With the emergence of social robots in people’s daily lives, their interactions with people need to consider not only engaging with individuals, but also with a group of people (e.g. families or colleagues). However, most human-robot interaction work has focused on interacting with a single user at a time, due to challenges in understanding social cues from multiple people at the same time as well as designing interactions with a group of people. Designing for group interactions is vastly different from designing interaction with individuals. Because in a group interaction users are also interacting with each other and not just with the robot, understanding engagement cues require deeper contextualized interpretation, for example. Not only that, conversing with multiple users at the same time requires both significant advancements in sensor technology and dialogue systems. Conversation is central to interactions including in a museum guide setting that this project is targeting. In this project, we aim to design contextualized and personalized conversation experience between a small group of users (2–6 people) and a museum tour-guide robot. 

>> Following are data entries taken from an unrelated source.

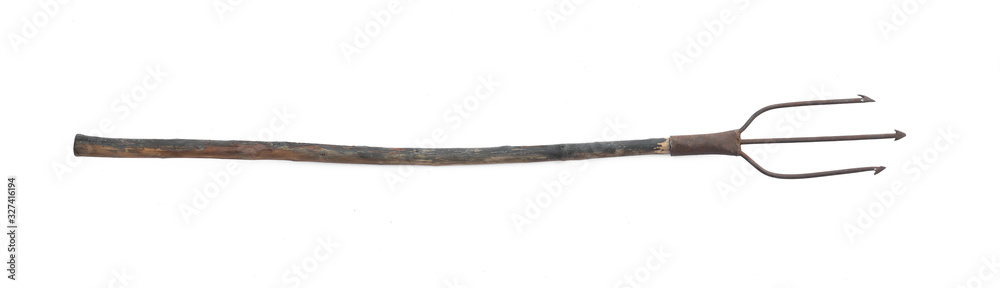 trident, old pitchfork isolated on white background - obrazy, fototapety, plakaty 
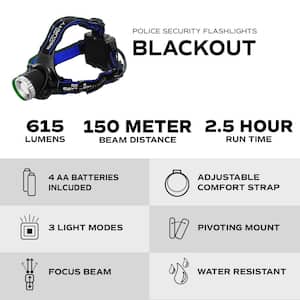 Blackout 615 Lumens Battery Power 4 AA Headlamp Features Slide Focus and Pivoting Head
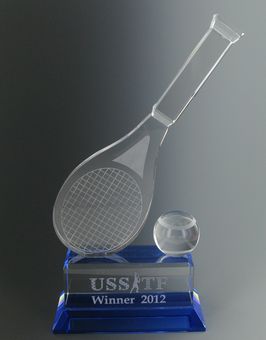4-1/4 X 10 INCH CRYSTAL TENNIS RACQUET AND BALL ON BLUE BASE TROPHY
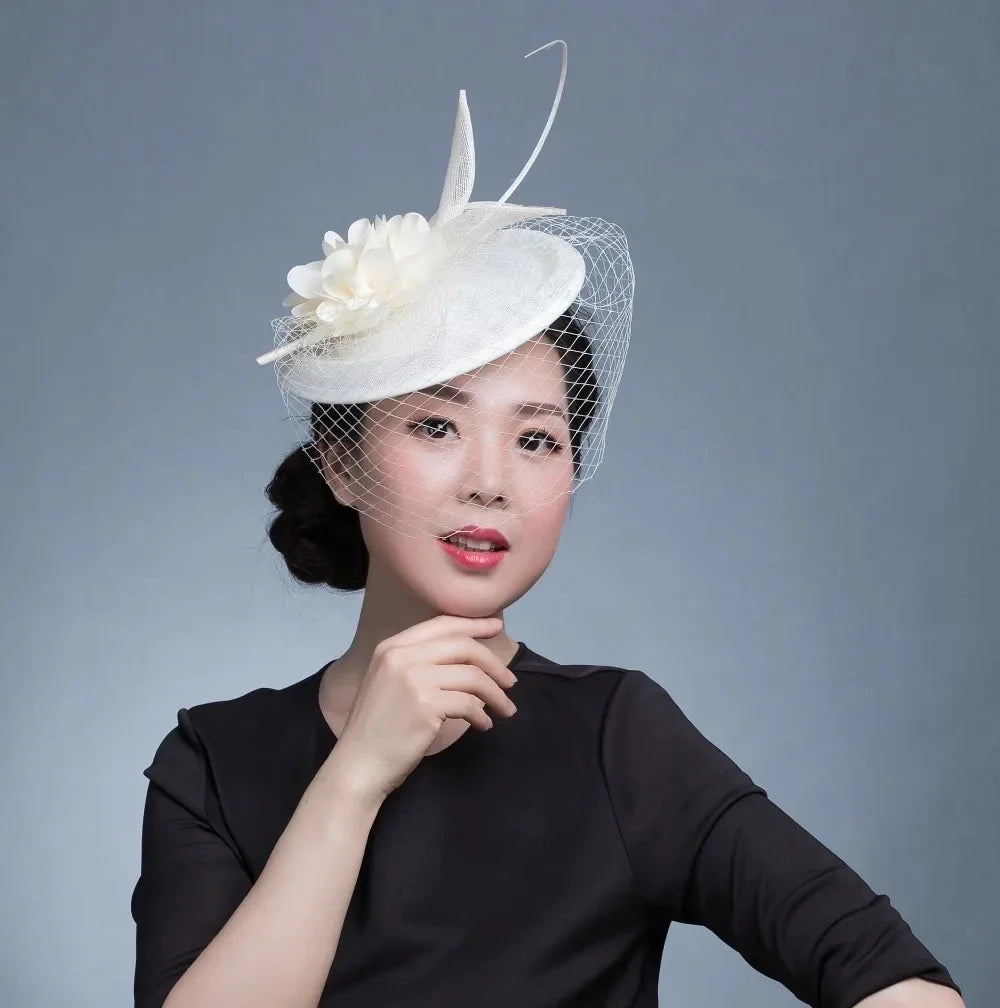 Pillbox Fascinator with Satin Flower and Birdcage Veil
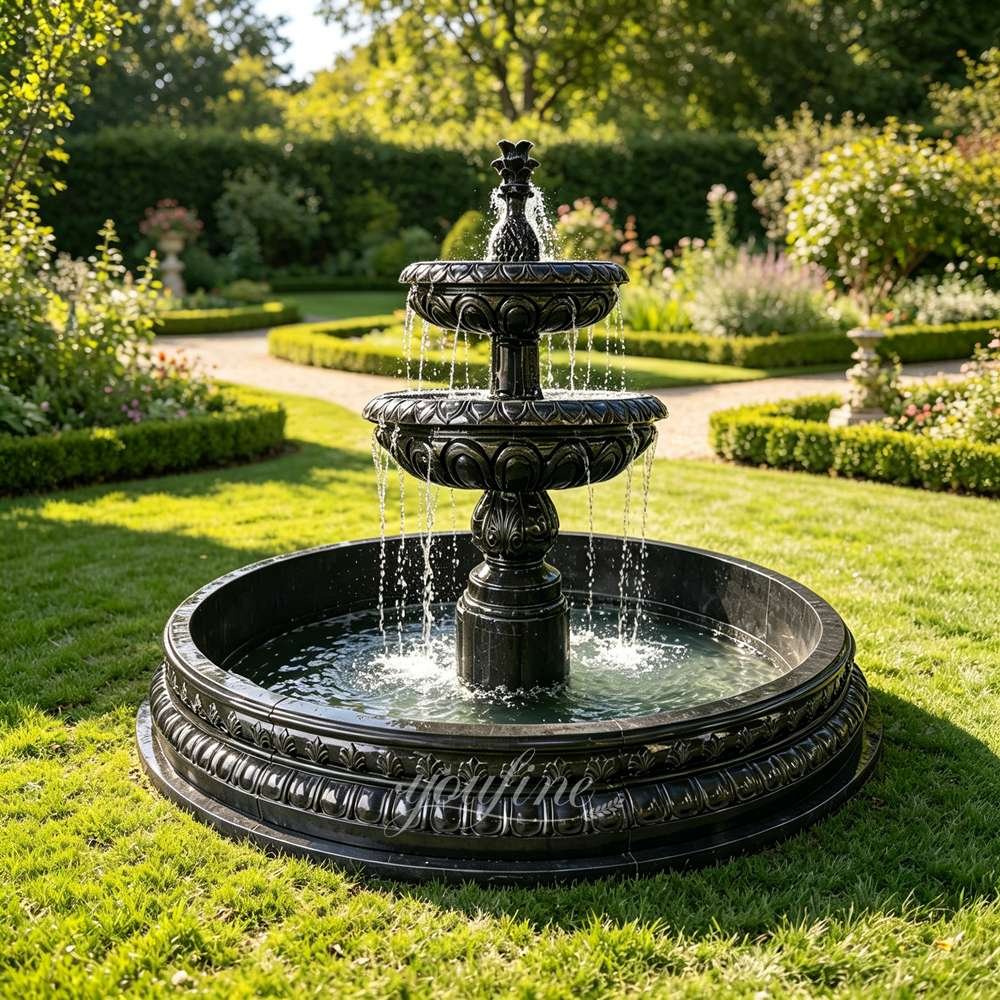 Black Polished 3-tiered Marble Fountain for Yard Decor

The focus of the work is not in conversing with multiple users at the same time. Rather, we propose understanding and tracking individual engagement in a group setting and using this information to understand and strategize timing for an agent to initiate a conversation with a user. When selecting a user to converse with, the agent learns the most effective policy, i.e., optimizes to choose a user whom by increasing the selected user’s engagement best improves others and the overall group engagement. The dialogue experience between the user and the agent will be supported by MRF-Chat, a novel probabilistic graphical model using Markov Random Fields that improves the prediction accuracy of existing deep learning methods by making assumptions grounded in modeling of mutual knowledge between the user and the agent.

The aforementioned goals are divided into the following approaches: (1) contextual multimodal verbal and nonverbal sentiment and engagement detection, (2) personalized dialogue understanding and generation based on mutual knowledge modeling, and (3) optimized interaction policy for conversation partner selection to improve group engagement. This final report states the methodology and the findings from this project. We report on experiments on modeling of sentiment and engagement behaviors using verbal and nonverbal temporal cues, where we achieve up to 94% balanced accuracy on the testing set. 

We present MRF-Chat approaches and evaluation results that have been published in the proceedings of EMNLP-2021. MRF-chat significantly boosts KV Memory and Poly Encoder performances. Even though our results seem promising, we identified few additional approaches to improve the results for generalization and real-time prototyping in the remaining project timeline.